In order for a byte of s to get to the most significant byte, it needs to be shifted by a distance which is the "opposite" in some sense of the position where it started. So the least significant byte of s (the r component) needs to be shifted the most, that is why the weight of the r component is at the top of the multiplier. The other non-zero digits of the multiplier make extra copies of r throughout the lower 7 bytes of the product too, but they will be ignored.

Speaking of "copies", consider that s has the form r + (b << 16) + (g << 40) + (a << 56) and the multiplier has the form 11 + (5 << 16) + (7 << 40) + (3 << 56). If you work out all the partial products, you get:

11r + (11b << 16) + (11g << 40) + (11a << 56) +
(5r << 16) + (5b << 32) + (5g << 56) + (5a << 72) +
(7r << 40) + (7b << 56) + (7g << 80) + (7a << 96) +
(3r << 56) + (3b << 72) + (3g << 96) + (3a << 112)

Of these, anything shifted by 64 or more entirely disappears, because we're doing a wrapping 64-bit multiplication.

Anything shifted by less than 56 will be discarded by the right-shift by 56. By the way this is only true if you chose the inputs such that the additions performed by the multiplication do not carry into the part of the product that we care about. That works out OK here, because there is a generous amount of "buffer space": (11g << 40) + (7r << 40) (the only two partial products that come anywhere close to the most significant byte) can be at most ((11*255 << 40) + (7*255 << 40)) = 4590 << 40, which is not enough to affect the most significant byte.

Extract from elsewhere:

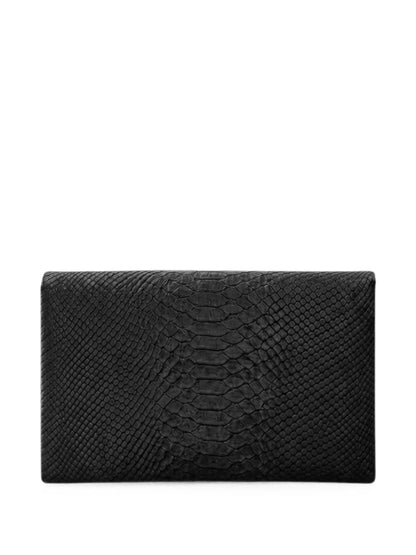 Elisabetta Franchi Crocodile-Effect Flap Clutch BLACK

What's left is 11a + 5g + 7b + 3r. Since this all happened in the most significant byte, only the 8 least significant bits of that sum are produced, but we only need the 6 least significant bits here anyway. That "automatic" loss of the higher bits could be used to remove the & 63 operation, by shifting the multiplier left by 2 and right-shifting by 58 instead of 56.